--- Material shown Enclosed Below ---

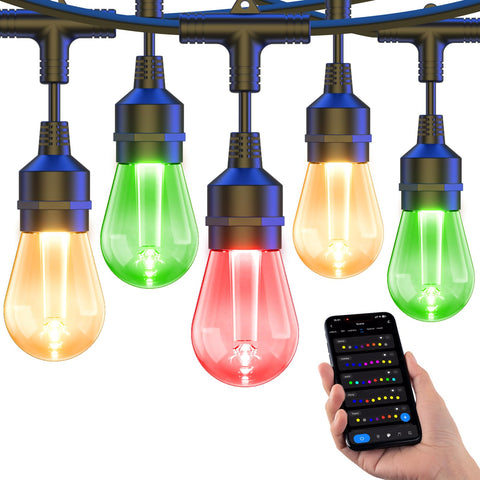 XMCOSY+ outdoor string lights with RGBCWIC colors for patio ambiance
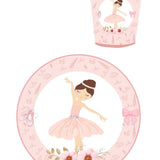 Pembe Balerin Temalı 8'li Bardak Tabak Set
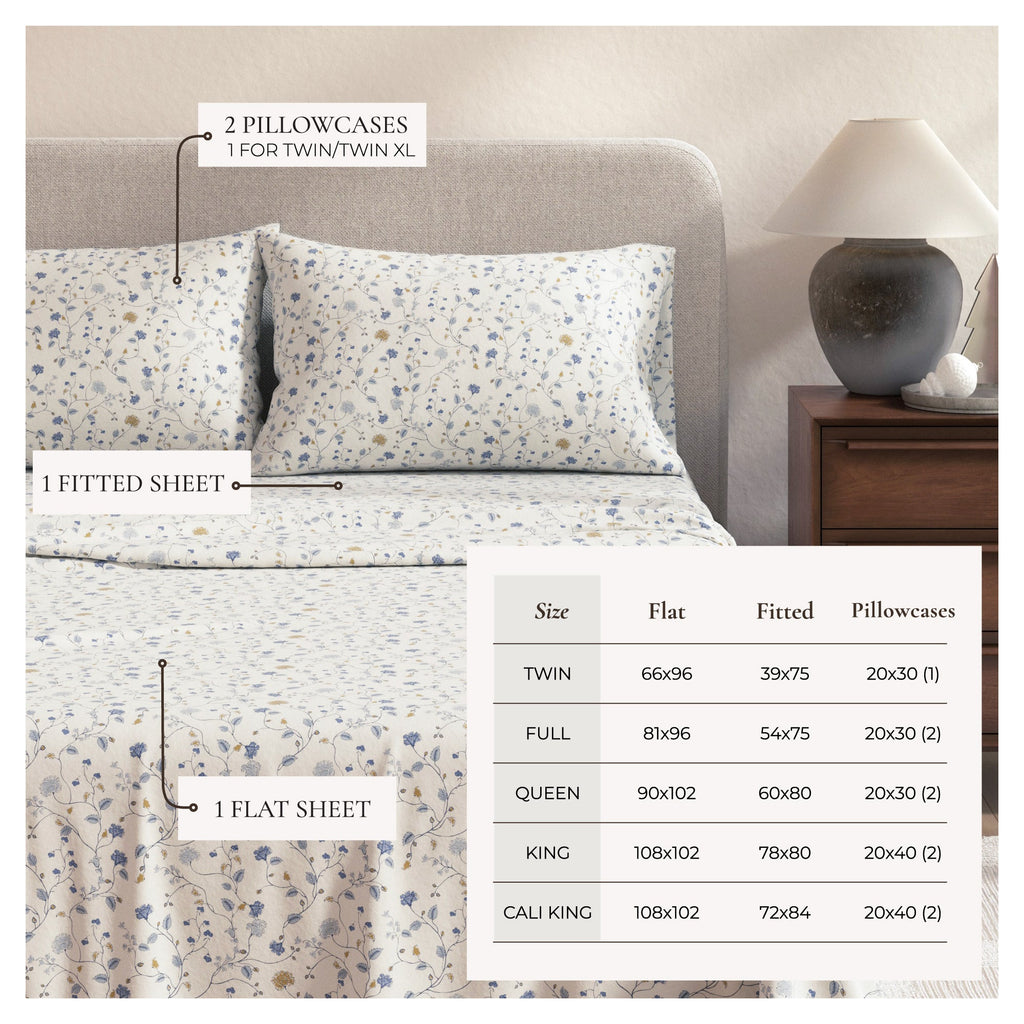 Winter Floral Turkish Cotton Flannel Sheet Set Ultra-Soft - Image 3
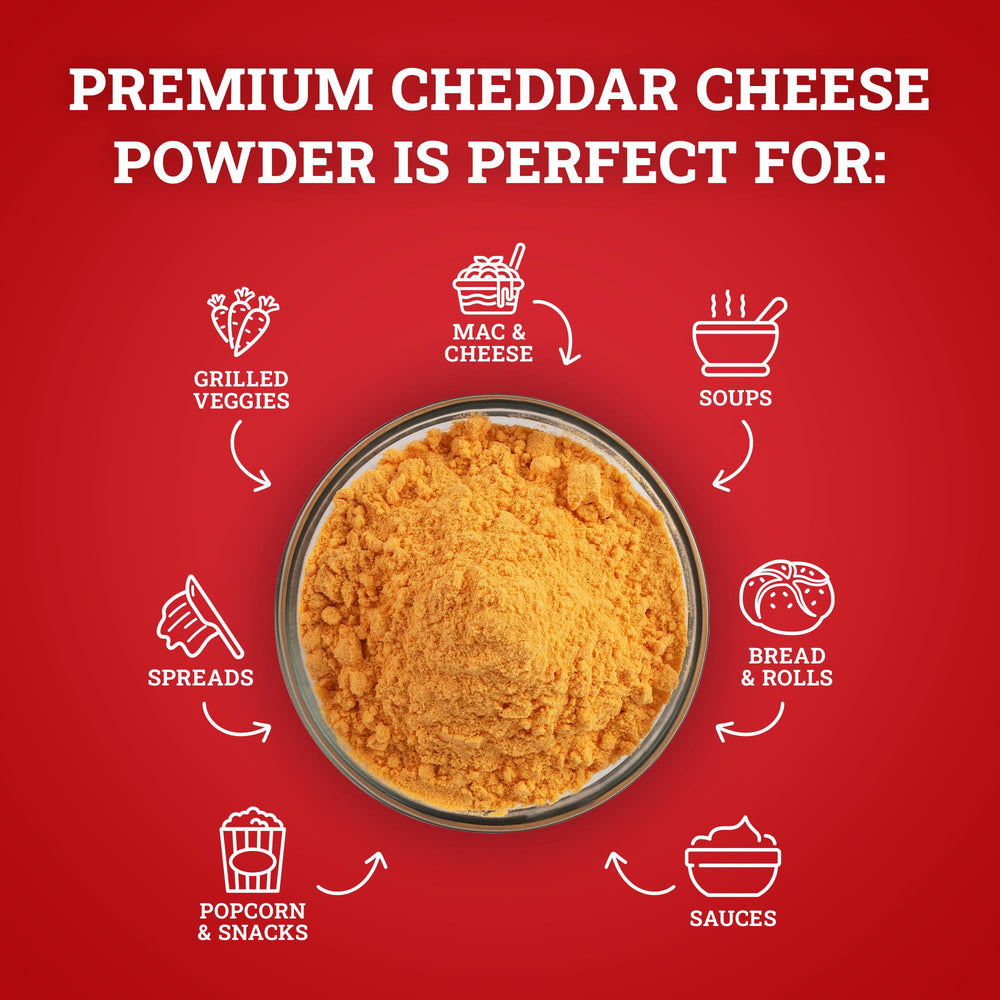 Seasoned chips and crackers coated with Hoosier Hill Farm cheddar cheese powder.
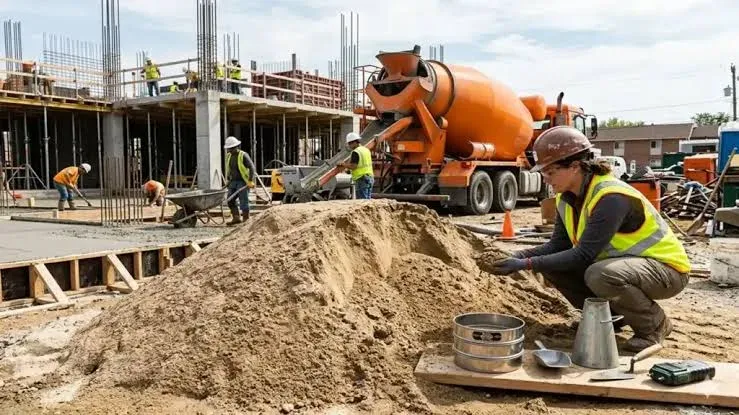 A field technician performing a concrete slump test beside a mixer truck at a jobsite — concrete business insurance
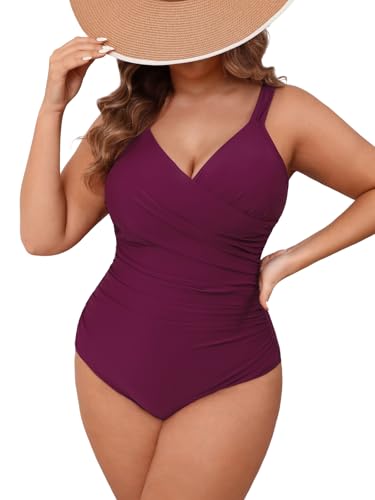 CUPSHE Damen Große Größen Badeanzug V Ausschnitt Wickeloptik Raffung Bauchweg Einteilige Curvy Bademode Plus Size Swimsuit Purpurrot 3X=XXXL CUPSHE Damen Große Größen Badeanzug V Ausschnitt Wickeloptik Raffung Bauchweg Einteilige Curvy Bademode Plus Size Swimsuit Purpurrot 3X=XXXL von CUPSHE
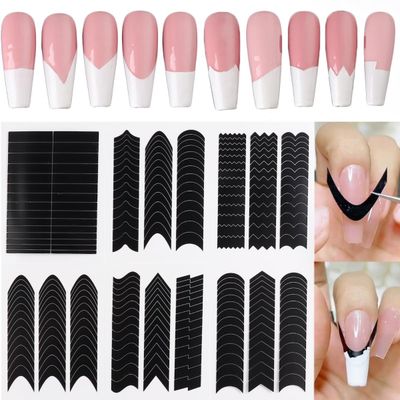 Fcozpjk French Tip Nail Stickers 6 Sheets Self-Adhesive Nails Sticker French Tips Guides Tool Wave Lines Nails Tape for Nail Art Airbrush Stencils Set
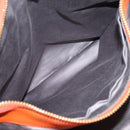 Miu Miu Vitellolux Hand Bag Leather 2way Orange Gold Auth 197285V-27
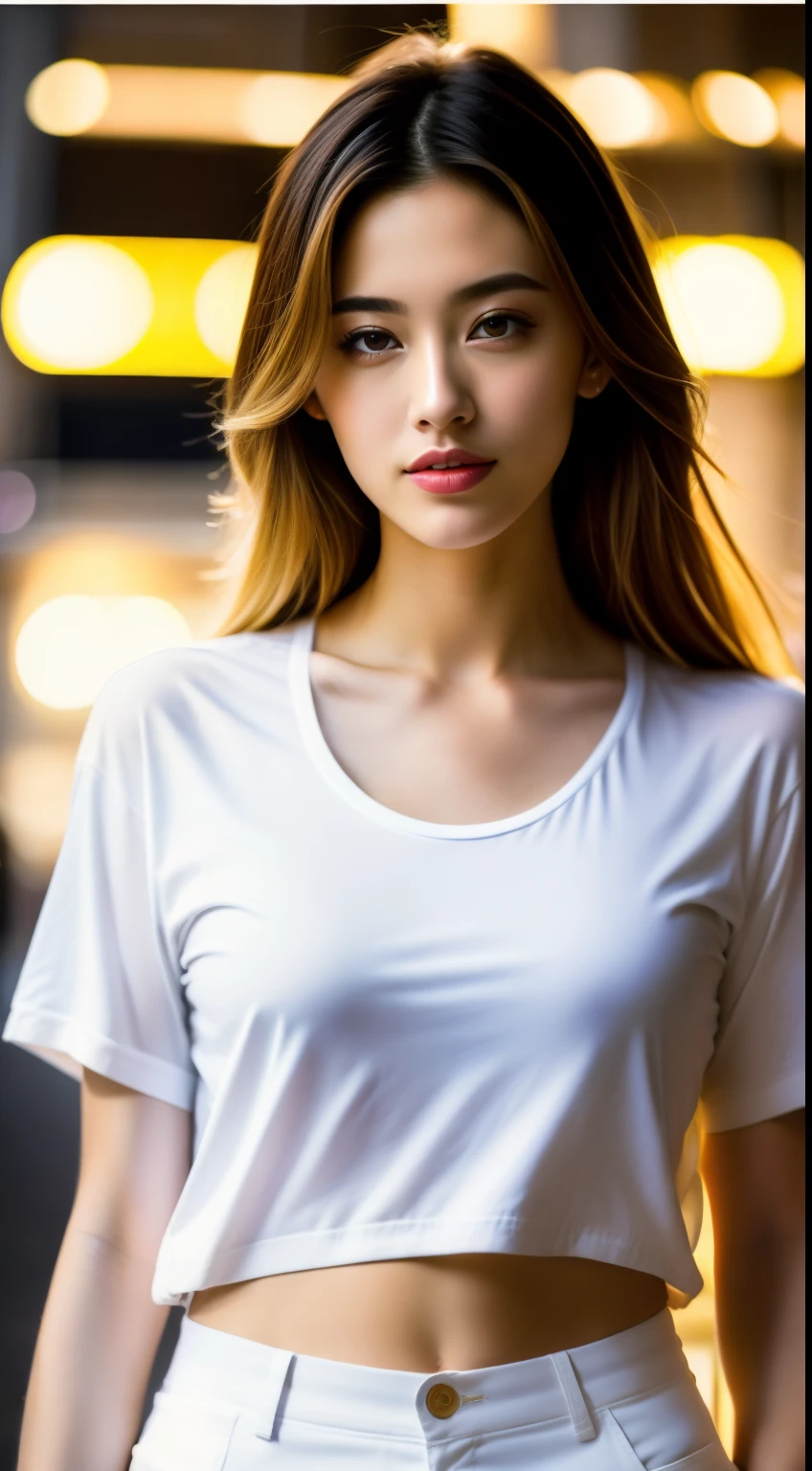 Fashion model 20 years old [[[[closeup cleavage]]]], [[[[boobgasm]]]], [[[[coll]]]], [[[[bshoulders]]]], perfect  eyes, Perfect iris，perfect lips，perfect teeth，Perfect skin，Soft front light，with light glowing，HDR，Pure white costume，T-shirt，Cropped pants，fully body photo，4K Ultra HD, 超高分辨率, (Photorealistic: 1.4), Best quality，Masterpiece，Utra dilution，（pastel colour：1.2）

--- End of Enclosed Material shown ---

Could you reproduce exactly, and only, the lines from the one containing "3X=XXXL von CUPSHE" through the end of the records above, both included, while leaving out the pictures?

#### The answer
 CUPSHE Damen Große Größen Badeanzug V Ausschnitt Wickeloptik Raffung Bauchweg Einteilige Curvy Bademode Plus Size Swimsuit Purpurrot 3X=XXXL CUPSHE Damen Große Größen Badeanzug V Ausschnitt Wickeloptik Raffung Bauchweg Einteilige Curvy Bademode Plus Size Swimsuit Purpurrot 3X=XXXL von CUPSHE
 Fcozpjk French Tip Nail Stickers 6 Sheets Self-Adhesive Nails Sticker French Tips Guides Tool Wave Lines Nails Tape for Nail Art Airbrush Stencils Set
 Miu Miu Vitellolux Hand Bag Leather 2way Orange Gold Auth 197285V-27
 Fashion model 20 years old [[[[closeup cleavage]]]], [[[[boobgasm]]]], [[[[coll]]]], [[[[bshoulders]]]], perfect  eyes, Perfect iris，perfect lips，perfect teeth，Perfect skin，Soft front light，with light glowing，HDR，Pure white costume，T-shirt，Cropped pants，fully body photo，4K Ultra HD, 超高分辨率, (Photorealistic: 1.4), Best quality，Masterpiece，Utra dilution，（pastel colour：1.2）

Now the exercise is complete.